So, I am trying to access a website (using Java Htmlunit - version 2.20 - can´t update it, company policies
) - it is a government website - https://www2.aneel.gov.br:443/aplicacoes_liferay/tarifa/
- hosted by Cloudflare.
When accessing via normal Browser, everything is normal. When accessing via htmlunit
, Cloudflare starts the proccess of Checking if the site connection is secure
.
I can proceed to the next step, which is Connection is secure - Proceeding...
But it just stucks there.
Please, how can I bypass it correctly.
P.S.: There is no way to have my IP
on a whitelist for this. I must go through this verification and redirection on my own.
Thanks in advance!
Some code sample:
BrowserVersion chrome = new BrowserVersion(
"Netscape",
"5.0 (Windows NT 10.0; Win64; x64) AppleWebKit/537.36 (KHTML, like Gecko) Chrome/108.0.0.0 Safari/537.36",
"Mozilla/5.0 (Windows NT 10.0; Win64; x64) AppleWebKit/537.36 (KHTML, like Gecko) Chrome/108.0.0.0 Safari/537.36",
108);
chrome.setApplicationCodeName("Mozilla");
chrome.setVendor("Google Inc.");
chrome.setHtmlAcceptHeader("text/html,application/xhtml+xml,application/xml;q=0.9,image/avif,image/webp,image/apng,*/*;q=0.8,application/signed-exchange;v=b3;q=0.9");
chrome.setImgAcceptHeader("image/avif,image/webp,image/apng,image/svg+xml,image/*,*/*;q=0.8");
chrome.setCssAcceptHeader("text/css,*/*;q=0.1");
chrome.setScriptAcceptHeader("*/*");
chrome.setBrowserLanguage("en-US,en;q=0.9,pt;q=0.8,mt;q=0.7");
chrome.setPlatform("Windows");
chrome.setUserLanguage("pt-BR");
chrome.setSystemLanguage("pt-BR");
try (WebClient webClient = new WebClient(chrome)) {
String url = "https://www2.aneel.gov.br:443/aplicacoes_liferay/tarifa/";
// parâmetros do webclient
webClient.getOptions().setCssEnabled(true);
webClient.setJavaScriptTimeout(0);
webClient.getOptions().setThrowExceptionOnScriptError(false);
webClient.getOptions().setUseInsecureSSL(false);
webClient.getOptions().setThrowExceptionOnFailingStatusCode(false);
webClient.getOptions().setTimeout(0);
CookieManager cookies = new CookieManager();
cookies.setCookiesEnabled(true);
webClient.setCookieManager(cookies);
webClient.getOptions().setJavaScriptEnabled(true);
webClient.getOptions().setRedirectEnabled(true);
webClient.waitForBackgroundJavaScript(10000);
webClient.waitForBackgroundJavaScriptStartingBefore(10000);
webClient.getCache().setMaxSize(0);
HtmlPage page = webClient.getPage(url);
webClient.getRefreshHandler().handleRefresh(page, new URL(url), 10);
synchronized(page) {
page.wait(10000);
}
URL _url = new URL(url);
for(Cookie c : webClient.getCookies(_url)) {
if (c.getName().contains("cf_chl_2")) {
Cookie cook = new Cookie(c.getDomain(), c.getName(), c.getValue(), c.getPath(), -1, false);
webClient.getCookieManager().removeCookie(c);
webClient.getCookieManager().addCookie(cook);
}
}
if (page.asXml().contains("Checking if the site connection is secure")) {
log.info(page.asXml());
page = webClient.getPage(url);
webClient.waitForBackgroundJavaScript(10_000);
}
(Some parts of this code, I got from this question/answer)

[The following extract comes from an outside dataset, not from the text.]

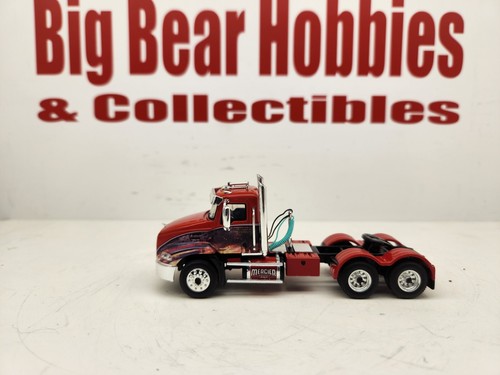 1/64 DCP/First Gear Mercier Transport Mack Pinnacle Day Cab Tractor - Picture 5 of 10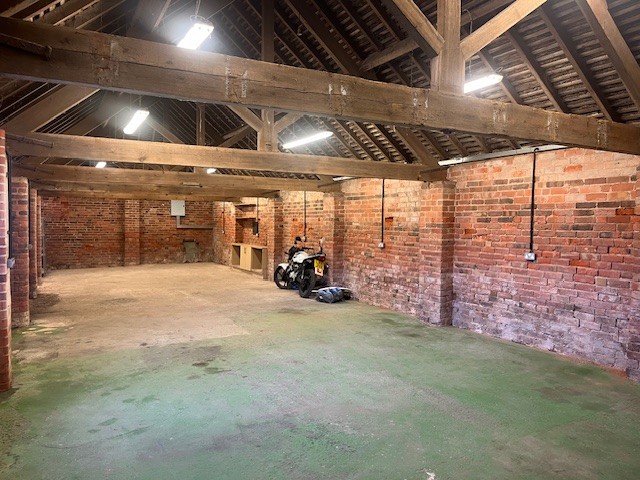 Industrial in Tong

Some parts of the log I got so far...
As you can see, Checking if the site connection is secure
and Proceeding...
appears. But... It´s just it.... (Error: 1020, Firewall stuff...)...
P.S.: This manually added cookie is to replace a cookie that was returning an error of negative max age.

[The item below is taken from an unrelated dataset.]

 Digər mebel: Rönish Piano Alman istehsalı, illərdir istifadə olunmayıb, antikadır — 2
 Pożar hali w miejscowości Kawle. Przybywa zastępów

[com.gargoylesoftware.htmlunit.IncorrectnessListenerImpl] (JS executor for com.gargoylesoftware.htmlunit.WebClient@724c8784) set-cookie http-equiv meta tag: invalid cookie 'cf_chl_2=; Max-Age=-99999999;'; reason: 'Negative 'max-age' attribute: -99999999'.
So please, in the name of the Gods of Programming Languages
, how can I procceed to the final webpage?
Thanks!!!!
There was an update/fix regarding the cookie processing in HtmlUnit. The latest 2.68.0-SNAPSHOT or all future releases should fix that.
See https://github.com/HtmlUnit/htmlunit/issues/524 for more.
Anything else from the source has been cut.